Jung’s dream theory also includes the idea of a collective subconscious, which suggests dreams can be interpreted in a symbolic way through distinct archetypes, such as the hero, the mother, and the trickster. According to Jung, these archetypes could be found across cultures and had universal meanings. However, this theory is quite different from what anthropologists have found when studying the importance of dreams and their meaning across cultural contexts.

Interpreting dream symbols across cultures

Depending on what culture you are dreaming in, common themes or symbols can have drastically different meanings. Take a snake, for example. 

In Western cultures familiar with Freud, dreaming of a snake may be interpreted as something potentially sexual, Lohmann suggested, or Jung himself wrote of snakes as representing power or danger, declaring that a “state of instinctual hell is represented as a snake with three heads.”

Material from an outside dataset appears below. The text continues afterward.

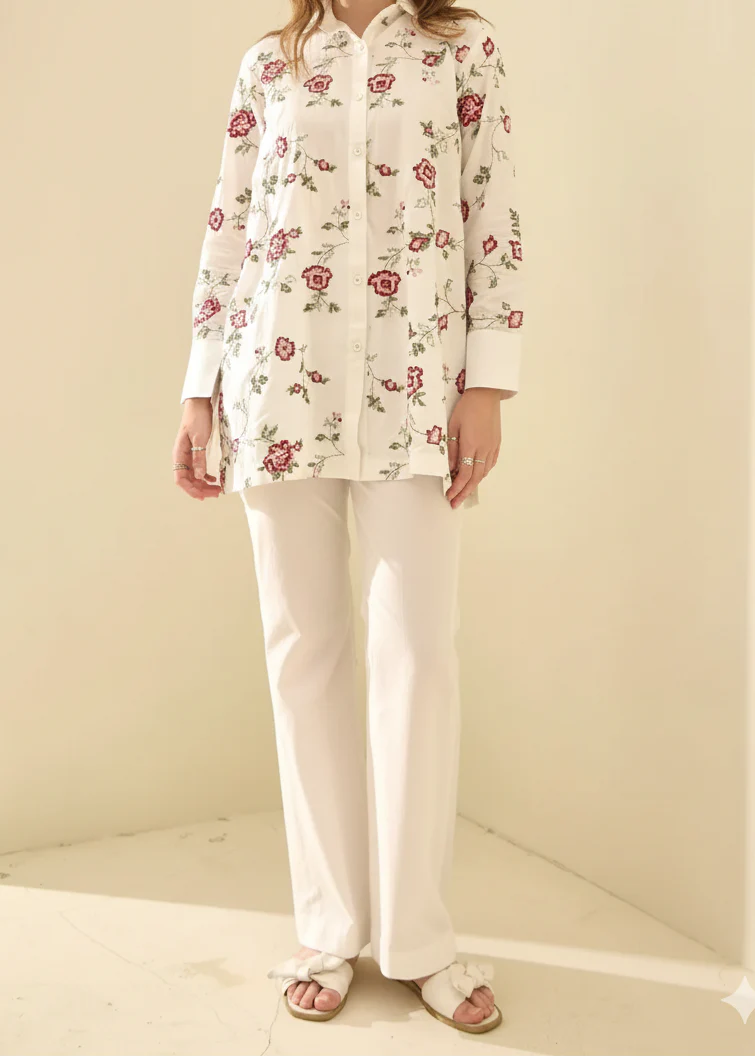 Grace Z-(W1000) - Stitched Embroidered 2pc Marina Dress.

Hindu interpretations, however, suggest that dreaming of snake could foretell wealth and fertility—if you’re eating it in the dream, at least. Hopi and Pueblo tribes in the American Southwest also link fertility to snake dreams, although particularly in relation to agricultural cycles and the fertility of land. On the other hand, Pentecostal Christian communities in Zambia may interpret that snake in your dreams as proof of the devil.

There isn’t a set interpretation of snakes in the traditional Chinese practice, said Hong—Chinese dream interpretations were more likely to be concerned with more culturally significant symbols such as dragons or suns, signs of divine favor. But some historical documents suggest that a pregnant women dreaming of snakes once would have predicted the birth of a son—or, contradictorily, also a daughter.  

Do dreams mean anything?

A person will have countless dreams in their lifetime, but that doesn’t necessarily mean that all dreams are equally important. 

By the end of the Imperial period, which was right around when Freud and Jung were forming their dream theory, Hong said that it became popular to view the origins of dreams as supernatural and related to a person’s psychological state.

“For instance, dreams caused by ‘overthinking during the day’ were often dismissed as uninterpretable and meaningless,” he said.

(You can learn to control your dreams with lucid dreaming. Here’s how.)

In the Western tradition, how much or how little a dream means is up to the person having or interpreting the dream. 

“Dreams, like poetry and art, offer ways to think about human experience,” Sherrif said. “There may be better or worse interpretations or analyses but we have no objective means of ascertaining their accuracy.”